**Activity**
Once the line containing "When you measure" is found in the entries below, reproduce it and every line after it, stopping at and including the line containing "Like 30 is the"; reproduce nothing else, and keep each line exact.

**Data supplied**
Start of Block

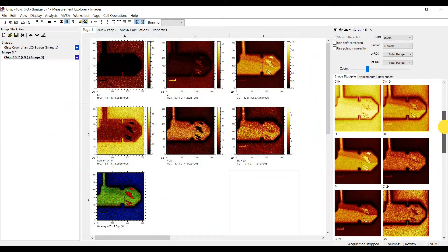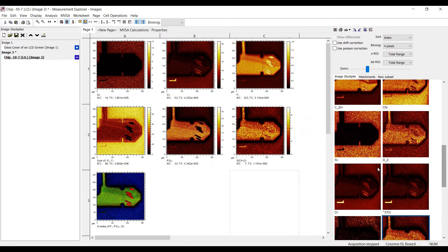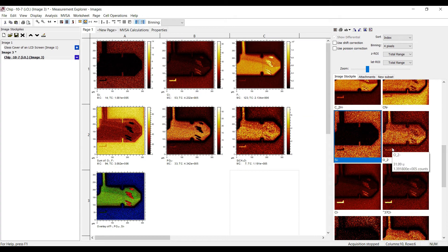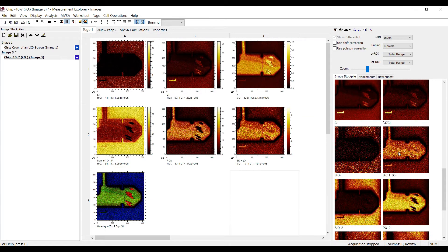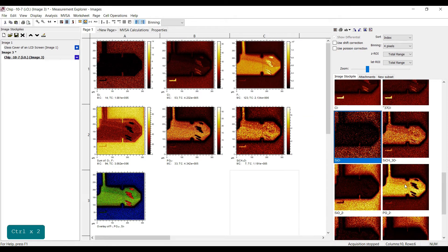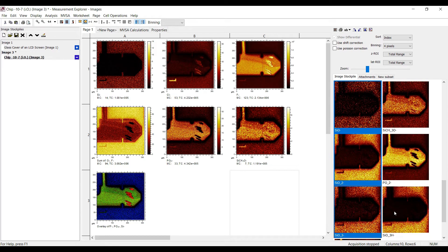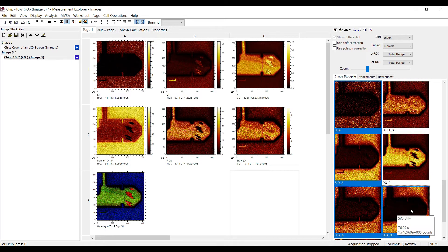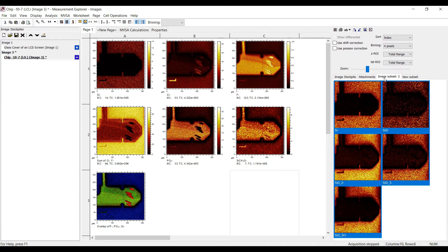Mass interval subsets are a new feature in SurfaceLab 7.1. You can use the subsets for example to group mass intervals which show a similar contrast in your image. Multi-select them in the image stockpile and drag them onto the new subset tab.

End of Block
Start of Block

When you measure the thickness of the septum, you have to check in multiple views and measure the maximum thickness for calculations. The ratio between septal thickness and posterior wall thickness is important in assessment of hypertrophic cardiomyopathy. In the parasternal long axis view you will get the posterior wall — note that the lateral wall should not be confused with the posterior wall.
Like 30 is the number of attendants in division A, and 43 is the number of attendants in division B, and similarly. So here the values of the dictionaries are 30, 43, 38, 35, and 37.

End of Block

**Answer to this exercise**
When you measure the thickness of the septum, you have to check in multiple views and measure the maximum thickness for calculations. The ratio between septal thickness and posterior wall thickness is important in assessment of hypertrophic cardiomyopathy. In the parasternal long axis view you will get the posterior wall — note that the lateral wall should not be confused with the posterior wall.
Like 30 is the number of attendants in division A, and 43 is the number of attendants in division B, and similarly. So here the values of the dictionaries are 30, 43, 38, 35, and 37.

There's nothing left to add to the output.